The following screenshots show the result on Mozilla Firefox 2.0:
Before enabling HTTP file upload on your server, one important thing that you must consider is security, as improper design and configuration will make your server vulnerable to attacks.
For example, the PHP file upload script and JSP file upload script that were covered earlier are not secure. One problem is that we have not checked what the user entered in the optional filename text box. This gives malicious users the chance to modify the server's files (e.g. system files or password files). For example, if a malicious user enters a path such as "../password/password.dat" in the optional filename text box, our PHP and JSP script will save the uploaded file to the destination "/file_uploads/../password/password.dat", which is actually the path "/password/password.dat".
Here are a few security tips that may be useful to you. We will only provide some brief descriptions here. For more details, please refer to other sources.
· Check all information provided by the client to ensure that it is safe. For example:
o The HTTP request received includes a MIME type that describes what the uploaded file contains. A malicious user can provide a wrong value to trick you to think that the uploaded file is of another type. Hence, you should not rely on the MIME type included in the HTTP request but should perform a check by your own at the server-side. For instance, the photo album example covered earlier does not perform any checks to ensure the uploaded files are really image files. To enhance security, we can include a check on the uploaded files using the PHP function getimagesize() at the server-side. If getimagesize() returns false, that means the uploaded file is not a valid image file and it should be rejected.

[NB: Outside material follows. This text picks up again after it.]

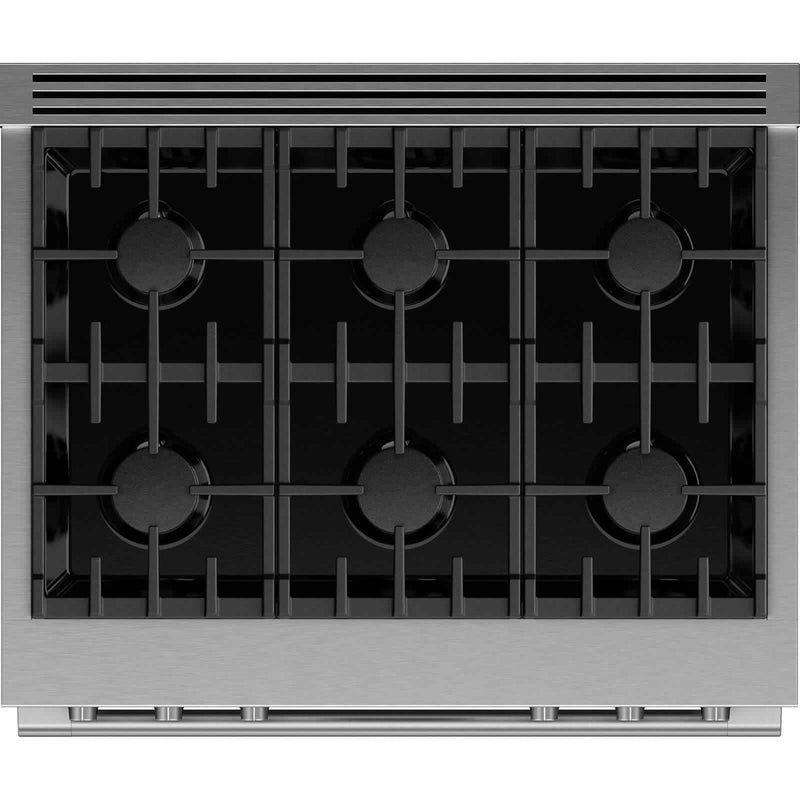 Fisher & Paykel 36-inch Freestanding Dual-Fuel Range with 6 Burners RDV3-366-L IMAGE 3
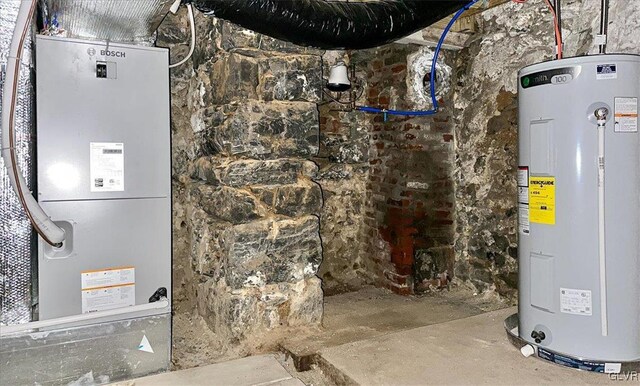 3331 Walnut St, Bethlehem Twp, PA 18020 - utility room featuring electric water heater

o The HTTP request received includes the uploaded file's original file name at the client-side. A malicious user can provide an unsafe value to trick you to modify system or password files. This problem is similar to the one described in the second paragraph of this section, so we will not describe it once more.
In addition, you should prepare for the situation that the file name contains special characters that are not allowed to appear in file names or non-English characters. Make sure your WAP/web application will not crash or be left in an erroneous state when such situations occur.
· Set a file size limit so that the user cannot upload files that are too large or too small.
· Do not run web servers or application servers with the administrator account. Create and configure an account that is specifically for their use. Limit the file access permissions of the account so that even if your WAP/web application has security holes, the OS will not allow it to work with system files or files of other users.
· Make sure your WAP/web application does not reveal too much information to the user when an error occurs. The information revealed can help a malicious user find ways to attack your system.
· Log down the details (such as the time, the client's IP address and the user name) of file uploads and other related events. Although the logs only tell you what has happened, they can help you check what types of attacks have been made against your server and whether there were any successful attacks.